Starting November 29th, 2022, Corewell Health West, Hematology Laboratories will begin reporting absolute counts for white blood cell (WBC) manual differentials, in addition to relative (percentage) counts. The WBC differential count determines the number of each type of white blood cell present in the blood. It can be expressed as a percentage or as an absolute value. Of these, the absolute value is much more important than the relative value, given that clinically relevant WBC elevations and declines are defined by their absolute numbers, not by their relative proportions, and there is potential for error if this conversion is performed outside the laboratory.
Hematology
Cell Count w/ Differential if indicated, Cerebrospinal Fluid [LAB2111025] and Cell Count with Differential, Cerebrospinal Fluid (Pediatric Oncology) [LAB212] currently result nucleated cell counts as a White Blood Cell (WBC) count.
Effective Tuesday, August 16, 2022, the WBC component will be removed and instead reported as a Total Nucleated Cell (TNC) Count for CSF.
Beginning Tuesday, January 4, 2022, Spectrum Health Laboratories will include an automated neutrophil (PMN) count on Cell Count with Differential, Body Fluid (LAB210) orders for peritoneal body fluids. This component will be displayed in Epic as an absolute PMN count, body fluid.
• The absolute PMN count in the peritoneal fluid is calculated by multiplying the total nucleated cell count by the percentage of PMNs in the differential.
• This calculation aids in the diagnosis of spontaneous bacterial peritonitis (SBP).
• The diagnosis of bacterial peritonitis is established by a positive peritoneal fluid bacterial culture and an elevated peritoneal fluid absolute PMN count (≥250 cells/uL).
• Epic will automatically calculate the absolute PMN count in peritoneal body fluids based on the manual differential data.

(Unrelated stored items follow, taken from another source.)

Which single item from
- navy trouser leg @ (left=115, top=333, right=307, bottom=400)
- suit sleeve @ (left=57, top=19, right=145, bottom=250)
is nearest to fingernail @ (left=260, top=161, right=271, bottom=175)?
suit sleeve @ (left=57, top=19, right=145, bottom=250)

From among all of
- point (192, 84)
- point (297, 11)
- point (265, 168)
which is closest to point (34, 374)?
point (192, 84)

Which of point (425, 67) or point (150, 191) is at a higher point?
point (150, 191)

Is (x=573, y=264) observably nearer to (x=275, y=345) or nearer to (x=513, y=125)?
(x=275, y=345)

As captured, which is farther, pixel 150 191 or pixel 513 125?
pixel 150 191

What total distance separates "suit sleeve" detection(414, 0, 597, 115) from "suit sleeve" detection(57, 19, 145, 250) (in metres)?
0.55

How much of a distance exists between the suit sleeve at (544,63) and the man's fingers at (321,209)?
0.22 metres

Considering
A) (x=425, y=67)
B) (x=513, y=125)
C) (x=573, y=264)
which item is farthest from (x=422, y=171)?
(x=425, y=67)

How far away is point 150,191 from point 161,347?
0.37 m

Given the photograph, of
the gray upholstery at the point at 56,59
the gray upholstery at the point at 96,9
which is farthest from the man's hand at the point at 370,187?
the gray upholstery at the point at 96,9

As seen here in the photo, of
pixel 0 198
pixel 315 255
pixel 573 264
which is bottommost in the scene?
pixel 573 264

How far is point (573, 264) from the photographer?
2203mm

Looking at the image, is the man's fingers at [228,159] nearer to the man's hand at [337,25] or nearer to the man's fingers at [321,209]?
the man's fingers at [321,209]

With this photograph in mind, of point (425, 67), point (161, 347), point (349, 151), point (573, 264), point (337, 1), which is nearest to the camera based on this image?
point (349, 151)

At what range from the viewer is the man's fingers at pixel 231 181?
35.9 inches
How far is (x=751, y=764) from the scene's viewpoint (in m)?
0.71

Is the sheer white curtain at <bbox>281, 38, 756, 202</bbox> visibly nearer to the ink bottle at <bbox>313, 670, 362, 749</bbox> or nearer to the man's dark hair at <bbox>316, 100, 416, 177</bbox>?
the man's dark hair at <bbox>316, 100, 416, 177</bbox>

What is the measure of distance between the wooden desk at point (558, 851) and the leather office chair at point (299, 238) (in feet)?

• This component ONLY calculates for Cell Count with Differentials (LAB210) on PERITONEAL BODY FLUIDS
CSF Priorities on QNS Specimens
When a Cerebrospinal fluid (CSF) specimen arrives into the laboratory and is deemed Quantity Not Sufficient (QNS) for ordered testing, the ordering provider is contacted to identify testing priorities. Occasionally, the laboratory is unable to secure these priorities.
If the lab is unable to secure priorities from the ordering provider within an hour of collection, the following will occur:
1. We will move forward with the Cell count with differential, Culture, and Protein/Glucose
2. The rest of the ordered testing will hold until we can clarify the priorities
Laboratory is partnering with Epic Beaker to discover if a prioritization of orders, upon CSF order entry, is possible.
If you have questions or concerns, please use the “Contact Us” link above.
Effective February 24, 2021, Cerebrospinal Fluid (CSF) Xanthochromia results of “Present” will be considered a critical laboratory value.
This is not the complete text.